One of Many, A Story Far Too Common
His name was Jean de la Fontaine, and he was sixty-three years old. In earlier life he would have been well-known for his connections to the French court, for his father insisted that he retain such ties in order to make a good living for himself. He would have been a familiar face in higher circles. Yet by his sixth decade of life he was known for something far more deadly: his Protestant creed.
Jean and his father Gilles had embraced the Reformation in its infancy. Jean, believing that if he remained in court he would be exempt from persecution, stayed in the king’s service. He found it possible to shield fellow French Protestants from harm and he gave his life to the dueling desires of practicing his faith and helping the Huguenots, and of collecting praise from the monarchy so he and his kin might remain safe. This backfired in 1563.
He believed that after the Peace of Amboise, which brought an end to the first bloody War of Religion that had been triggered by the 1562 Massacre of Vassy (see post of August 30th), he was no longer dependent on his court duties to keep him from harm. He willingly gave up his titles and went home to be with a family who rejoiced over the recent ceasing of war. This rejoicing did not last long. On the tenth of May 1563, sixty-three-year-old Jean de la Fontaine was asleep when men discontent with the recent rulings broke into his home and disturbed the peace.
There was little time for negotiation.
Jean was killed on his front lawn for professing the Huguenot faith. His wife, who had taken it upon herself to plead for his life, was treated to the same: martyrdom at the tip of a dagger. It is unknown how many children were in the house at the time, but it is believed that Jean’s firstborn son and perhaps a servant were also killed. Thus ended what had been a noble and affluent life. This end came about not due to any crime on Jean’s part --- though in these first decades of the Reformation and for long after, the mere profession of Protestantism was considered a crime worthy of death --- but due to intolerance, lack of compassion, and fanaticism.

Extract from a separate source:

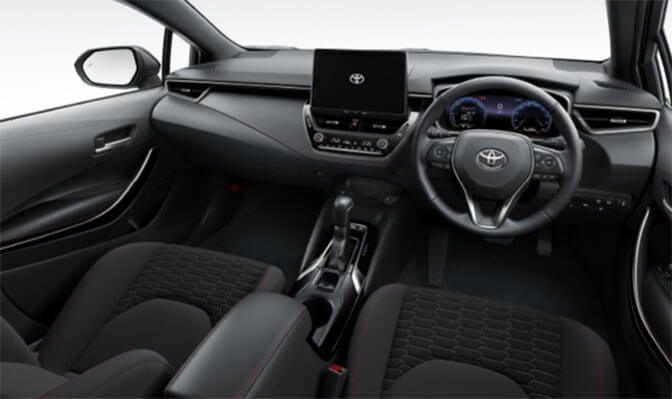 洗練された内装デザイン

Jean de la Fontaine was but one Huguenot victim of many. I remember reading an opinion once that if Protestants canonized all of their martyrs as Catholics canonize their saints, there would be too many to enumerate. But our refusal to cast our martyrs in this light does not mean that we do not honor and appreciate them. We are very well aware of our heritage of bloodshed and persecution, a heritage also of strength, steadfastness, and undying faith and fortitude. Jean de la Fontaine is one example . . . one precious, ill-fated example of taking up his cross and following Christ instead of the world.